- Try it
Transcribe the records word for word, leaving nothing out.

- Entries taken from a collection

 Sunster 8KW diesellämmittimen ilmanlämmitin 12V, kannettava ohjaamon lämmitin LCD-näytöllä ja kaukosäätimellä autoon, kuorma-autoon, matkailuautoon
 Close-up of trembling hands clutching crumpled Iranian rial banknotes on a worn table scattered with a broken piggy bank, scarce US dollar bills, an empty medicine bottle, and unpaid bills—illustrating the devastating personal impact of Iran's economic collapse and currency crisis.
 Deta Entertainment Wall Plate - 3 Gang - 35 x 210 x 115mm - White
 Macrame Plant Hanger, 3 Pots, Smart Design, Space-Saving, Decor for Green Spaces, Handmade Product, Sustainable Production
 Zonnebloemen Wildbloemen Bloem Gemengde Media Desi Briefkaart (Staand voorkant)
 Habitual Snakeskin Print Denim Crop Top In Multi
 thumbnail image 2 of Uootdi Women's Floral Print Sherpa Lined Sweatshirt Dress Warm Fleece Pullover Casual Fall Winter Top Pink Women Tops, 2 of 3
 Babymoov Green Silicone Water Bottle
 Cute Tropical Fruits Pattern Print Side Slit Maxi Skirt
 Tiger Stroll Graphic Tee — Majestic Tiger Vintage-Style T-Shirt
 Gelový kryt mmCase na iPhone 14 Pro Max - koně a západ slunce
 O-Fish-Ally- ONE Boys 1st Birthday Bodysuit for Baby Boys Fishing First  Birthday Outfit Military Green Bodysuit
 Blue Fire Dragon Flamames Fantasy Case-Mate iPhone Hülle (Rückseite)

- Your response
 Sunster 8KW diesellämmittimen ilmanlämmitin 12V, kannettava ohjaamon lämmitin LCD-näytöllä ja kaukosäätimellä autoon, kuorma-autoon, matkailuautoon
 Close-up of trembling hands clutching crumpled Iranian rial banknotes on a worn table scattered with a broken piggy bank, scarce US dollar bills, an empty medicine bottle, and unpaid bills—illustrating the devastating personal impact of Iran's economic collapse and currency crisis.
 Deta Entertainment Wall Plate - 3 Gang - 35 x 210 x 115mm - White
 Macrame Plant Hanger, 3 Pots, Smart Design, Space-Saving, Decor for Green Spaces, Handmade Product, Sustainable Production
 Zonnebloemen Wildbloemen Bloem Gemengde Media Desi Briefkaart (Staand voorkant)
 Habitual Snakeskin Print Denim Crop Top In Multi
 thumbnail image 2 of Uootdi Women's Floral Print Sherpa Lined Sweatshirt Dress Warm Fleece Pullover Casual Fall Winter Top Pink Women Tops, 2 of 3
 Babymoov Green Silicone Water Bottle
 Cute Tropical Fruits Pattern Print Side Slit Maxi Skirt
 Tiger Stroll Graphic Tee — Majestic Tiger Vintage-Style T-Shirt
 Gelový kryt mmCase na iPhone 14 Pro Max - koně a západ slunce
 O-Fish-Ally- ONE Boys 1st Birthday Bodysuit for Baby Boys Fishing First  Birthday Outfit Military Green Bodysuit
 Blue Fire Dragon Flamames Fantasy Case-Mate iPhone Hülle (Rückseite)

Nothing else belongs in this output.